Lord of the Rings: The Two Towers (2002)


Elijah Wood
Ian McKellen
Sean Astin
Viggo Mortensen
Andy Serkis
Liv Tyler
Cate Blanchett
John Rhys-Davies

Directed by Peter Jackson

The captivating thing about Two Towers is the fight choreography and the battle at Helm’s Deep (which was kind of the movie’s climax), it is one that you will not forget that easily and the movie is just another powerful extension of what Peter Jackson could do, the movie is filled with a lot more CGI (from my view) than the first, and it may not be the best of the three, but Two Towers delivered some powerful performances, especially from Aragon (Viggo Mortensen), the Dwarf Gimli (John Rhys-Davies) and the Elf Legolas (Orlando Bloom).

After you have watched The Fellowship of the Rings, you are ever so eager to see what the Fellowship, (which is now broken into three groups Frodo with Sam, Pippin with Merry and Aragon with Legolas and Gimli) will be able to achieve on their own, as part of the master plan to destroy the ring at Mount Doom.

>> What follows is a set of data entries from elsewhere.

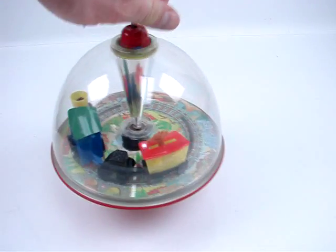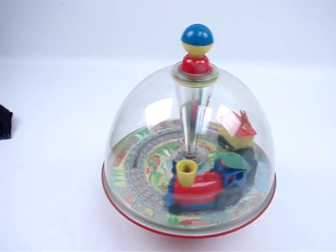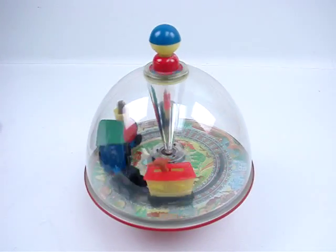Look at that. This is highly unusual to find them in this condition, so bid now and bid high.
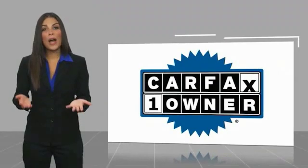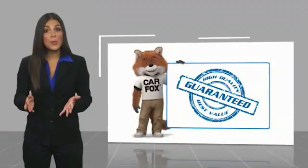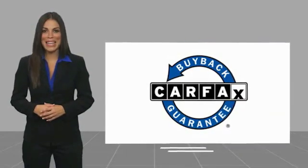This is a one-owner vehicle with a Carfax Vehicle History Report. Be sure to find a complimentary copy of this report online or contact the dealership. This vehicle qualifies for the Carfax Buy Back Guarantee.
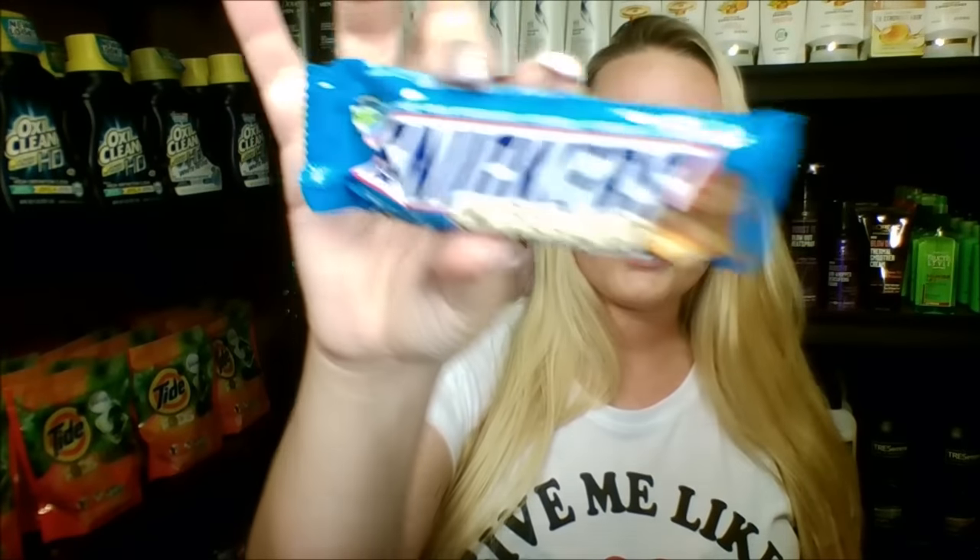The next thing I have is some Snickers Crispers candy bars. These are a really good deal if you have them at the same price — $0.50 each. There is a rebate on Ibotta: buy two, get $0.75 off. So it's $0.25 for two packs of candy. I got two of these — one of them is already gone.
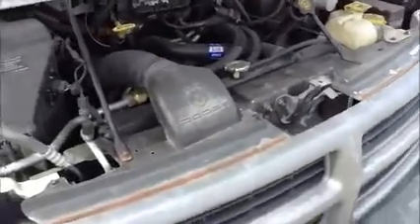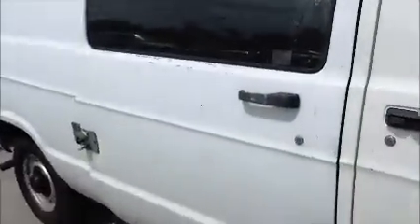This is a Dodge van. You see it starts up. This is a cargo van. The door doesn't seem to be closing too good. There it goes. AC is working. Manual windows.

The interesting thing about watching this flick is that some managed victory in their own areas, giving you the viewer a delightful hope, while Frodo (Elijah Woods) and Sam (Sean Astin) were moving closer to their target.

The movie’s plot is focused mostly on the battle at Helm’s Deep. The other fellowship members except Frodo and Sam and, after the fall of Gandalf when he battled the Balrog, chased after the Uruk-hai who took Merry and Pippin so as to rescue them. While they chased, Merry and Pippin found an adventure of their own in the forest. The rescuers Aragon, Gimli and Legolas found themselves in Rohan and had to save the king and defend the city from an attack from Saruman’s forces, this defense and intense battle happened at Helm’s Deep.

The three most notable changes in the movie compared to the book that I picked up instantly are (although many other differences can be found) 1. In the book Theoden is just depressed and deluded by Wormtongue, but in the movie he is possessed by Saruman. The second is about Theeoden, who didn’t just run to Helm’s Deep as the movie made it see, he actually fought at first. The last was the exclusion of Shelob, who was later included in the final movie of the trilogy.

Not winning as much as the first, Two Towers won two Academy Awards for Best Visual Effects and Best sound editing. It was a commercial success, making close to 10 times its 94 million dollars production cost.

Not as much of a powerful score like The Fellowship of the Ring, the movie is a nice follow-up to the first, and it served like a bridge from an excellent beginning in the trilogy (in the fellowship of the ring) to a magnificent ending (in the Return of the King). You can’t watch the first only without seeing this also, so get the DVD box set and enjoy.